Одно стихотворение, напечатанное в моем журнале, навлекло на меня обвинение, в котором долгом полагаю оправдаться. Это стихотворение заключает в себе несколько грустных размышлений о заслуженном полководце, который в великий 1812 год прошел первую половину поприща и взял на свою долю все невзгоды отступления, всю ответственность за неизбежные уроны, предоставив своему бессмертному преемнику славу отпора, побед и полного торжества. Я не мог подумать, чтобы тут можно было увидеть намерение оскорбить чувство народной гордости и старание унизить священную память Кутузова; однако ж меня в том обвинили…
Неужели должны мы быть неблагодарны к заслугам Барклая де Толли потому, что Кутузов велик? Ужели, после 25-летнего безмолвия, поэзии не дозволено произнести его имя с участием и умилением? Вы упрекаете стихотворца в несправедливости его жалоб; вы говорите, что заслуги Барклая были признаны, оценены, награждены. Так, но кем и когда?… Конечно, не народом и не в 1812 году. Минута, когда Барклай принужден был уступить начальство над войсками, была радостна для России, но тем не менее тяжела для его стоического сердца. Его отступление, которое ныне является ясным и необходимым действием, казалось вовсе не таковым: не только роптал народ, ожесточенный и негодующий, но даже опытные воины горько упрекали его и почти в глаза называли изменником. Барклай, не внушающий доверенности войску, ему подвластному, окруженный враждой, язвимый злоречием, но убежденный в самом себе, молча идущий к сокровенной цели и уступающий власть, не успев оправдать себя перед глазами России, останется навсегда в истории высоко поэтическим лицом.
Ф. Глинка
Очерки Бородинского сражения
Смоленск сгорел, Смоленск уступлен неприятелю. Русские сразились еще на Валутиной горе и потом отступали, как парфы [13] , поражая своих преследователей. Это отступление в течение 17 дней сопровождалось беспрерывными боями. Не было ни одного хотя немного выгодного места, переправы, оврага, леса, которого не ознаменовали боем. Часто такие бои, завязываясь нечаянно, продолжались по целым часам.
13
П'aрфы – жители Парфянского царства, государства на юго-востоке от Каспийского моря (250 до н. э. – 224 н. э.).

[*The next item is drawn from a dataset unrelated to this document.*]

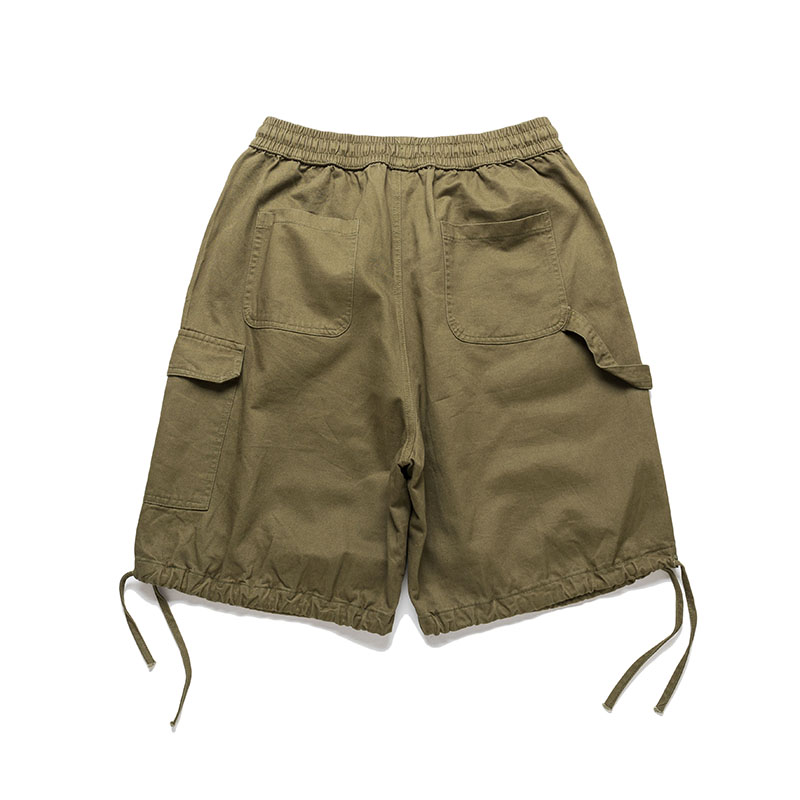Solid Summer Cargo Shorts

Парфы постоянно воевали с Римской империей, часто используя тактику отступления и заманивания противника.
И между тем как войско дралось, народ перекочевывал все далее в глубь России. Россия сжималась, сосредоточивалась, дралась и горела. Грустно было смотреть на наши дни, окуренные дымом, на наши ночи, окрашенные заревом пожаров. С каждым днем и для самых отдаленных мест от полей битв более и более ощутительно становилось присутствие чего-то чуждого, чего-то постороннего, не нашего. И по мере как этот чуждый, неприязненный быт в виде страшной занозы вдвигался в здоровое тело России, части, до того спокойные, воспалялись, вывихнутые члены болели, и все становилось не на своем месте.
Чем далее вторгались силы неприятельские, тем сообщения внутренние делались длиннее, города разъединеннее; ибо надлежало производить огромные объезды, чтобы не попасть в руки неприятелю, – от этого торговля теряла свое общее направление, промышленность становилась местной, стесненной, ход ежедневных занятий и дела гражданской жизни цепенели. Во многих присутственных местах закрыты были двери. Одни только церкви во все часы дня и ночи стояли отворены и полны народом, который молился, плакал и вооружался.

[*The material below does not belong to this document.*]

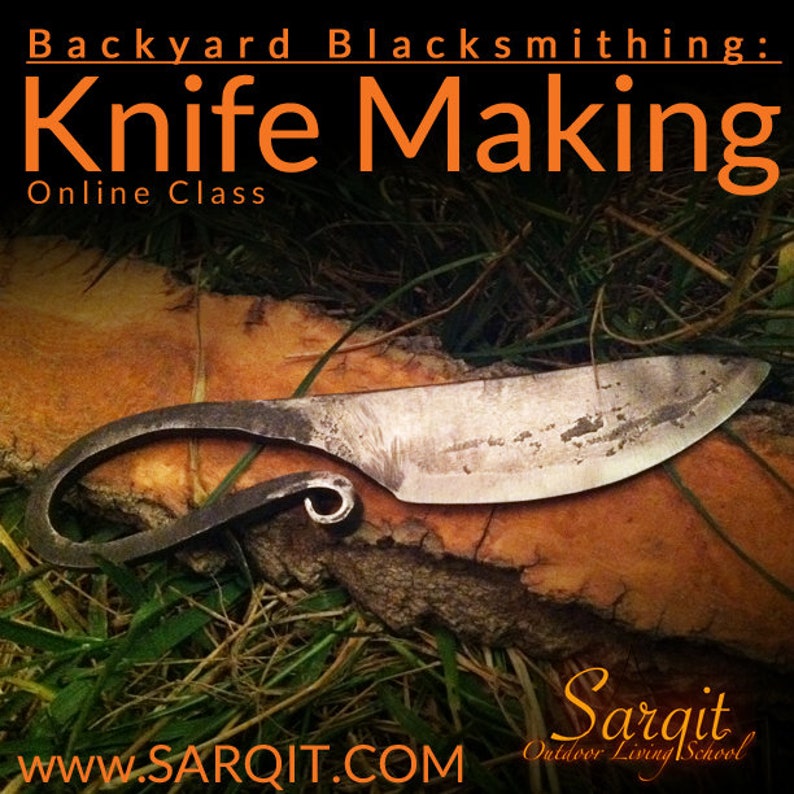 Blacksmith Knife Making Kit Plus Online Class DIY Knife Kit Supplies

Около этого времени сделалось известным ответное письмо митрополита Платона императору Александру. Копии с него долго ходили по рукам. Любопытно заметить, что первосвященник наш, проникнутый, без сомнения, вдохновением свыше, почти предрек судьбу Наполеона и полчищ его еще прежде перехода неприятельского за Днепр. Он писал: «Покусится враг простереть оружие свое за Днепр, и этот фараон погрязнет здесь с полчищем своим, яко в Чермном море. Он пришел к берегам Двины и Днепра провести третью, новую реку: реку крови человеческой!»